Desde primera hora de la mañana se nota que es un día distinto. Se ve en las caras, en los gestos y en el paso más tranquilo de los que suben a la ermita. Es Viernes Santo, un día en el que parece que todo se detiene. Dentro, hay trabajo y quedan detalles por preparar, pero todo se hace en un silencio respetuoso. Sobran las palabras: hoy ha muerto el Señor. A las doce del mediodía nos reunimos para los Santos Oficios. Es una liturgia que no tiene nada que ver con las del resto del año. Leemos la Pasión, recibimos el pan consagrado de la tarde anterior y adoramos la Cruz.

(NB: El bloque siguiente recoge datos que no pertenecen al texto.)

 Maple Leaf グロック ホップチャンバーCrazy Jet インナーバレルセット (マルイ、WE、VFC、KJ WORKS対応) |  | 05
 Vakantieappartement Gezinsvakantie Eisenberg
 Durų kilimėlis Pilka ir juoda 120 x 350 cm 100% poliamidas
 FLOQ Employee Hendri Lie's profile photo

Cae la tarde y en la plaza del Convento ya está todo preparado para representar, como cada año, la Crucifixión. Es una historia que todos nos sabemos de memoria, pero que nos sigue poniendo un nudo en el estómago como si fuera la primera vez. El arrepentimiento de Judas, las caídas del Señor bajo el peso de la cruz, el llanto de las mujeres y la mirada de María viendo sufrir a su hijo. Cuando el Señor da su último respiro, la plaza se queda completamente callada. Después llega el descendimiento, su cuerpo sin vida descansa por fin en brazos de su madre. Y vuelve el silencio.

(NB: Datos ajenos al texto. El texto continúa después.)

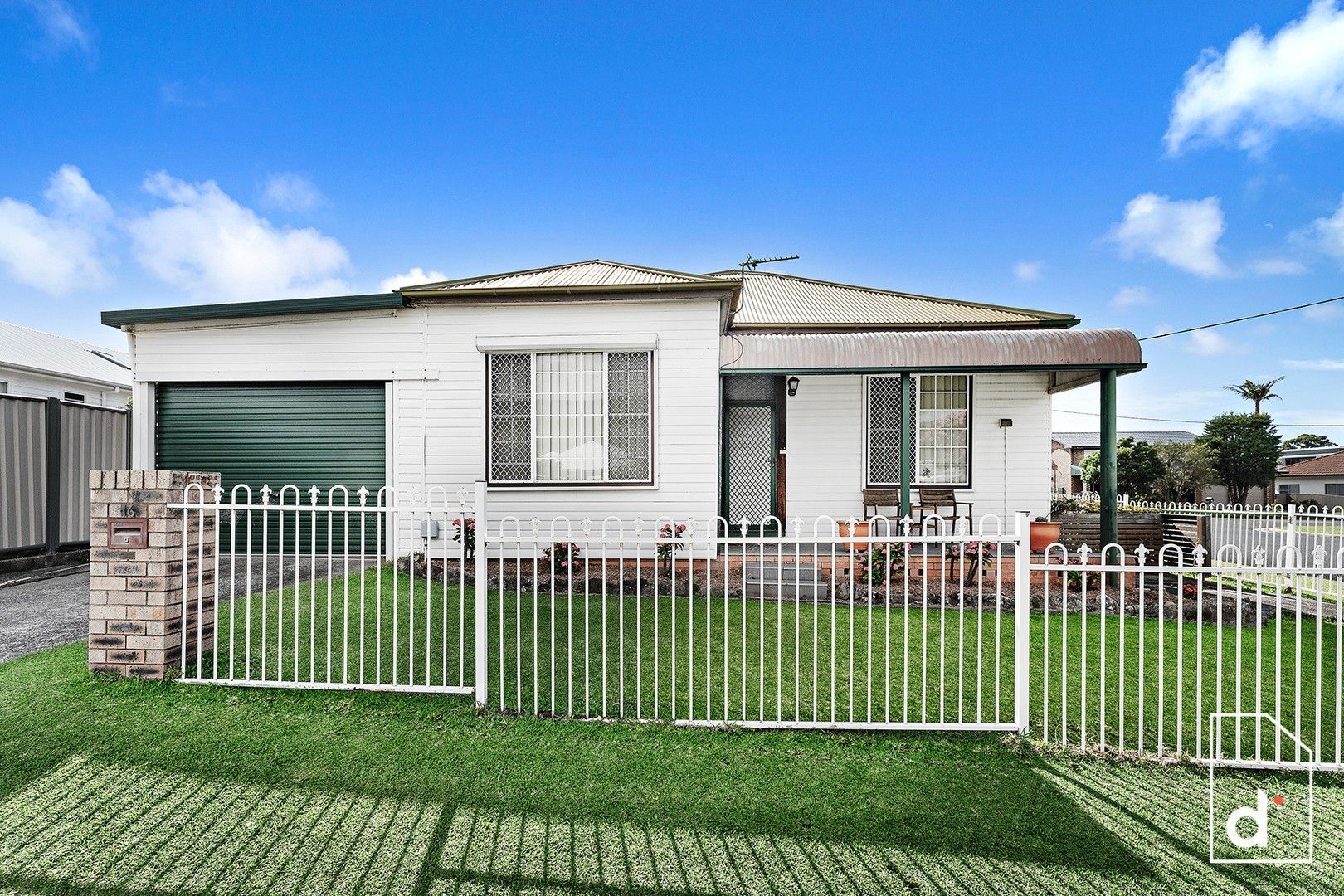 16 Bon Accord Street, Corrimal NSW 2518, Image 0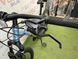 картинка Велосипед гірський 27.5" SPACE NEPTUNE сіро-чорний 7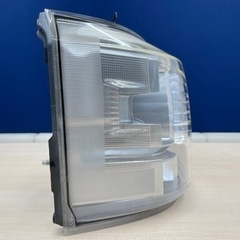 S500P☆ハイゼットトラック用☆STANLEYW2714左右ヘッドライト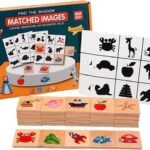 Matched images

Ya de noche, a las 22:45, comienza la Procesión del Santo Entierro, la procesión oficial de la Semana Santa de Alhaurín el Grande. Antes de que se abran las puertas, los hombres de trono rezan juntos ante sus sagrados titulares.
El Santo Sepulcro avanza por las calles ante el respeto de las personas que lo esperan. Detrás va la Virgen, callada y rota de dolor. El cortejo procesional es impecable: los nazarenos de verde y negro, los personajes de la Pasión, las mujeres de mantilla, el lamento del ronco tambor que marca el paso del Sepulcro y las marchas fúnebres que toca 'la Pepa' acompañando a María Santísima de la Soledad. Al volver a la calle Convento, el lugar donde todo empieza y todo termina, el silencio se hace todavía más profundo. Así, llenos de respeto y con la emoción contenida, nuestros sagrados titulares regresan a su casa, la ermita de la Vera+Cruz, a la espera de que las campanas anuncien por fin que la muerte ha sido vencida.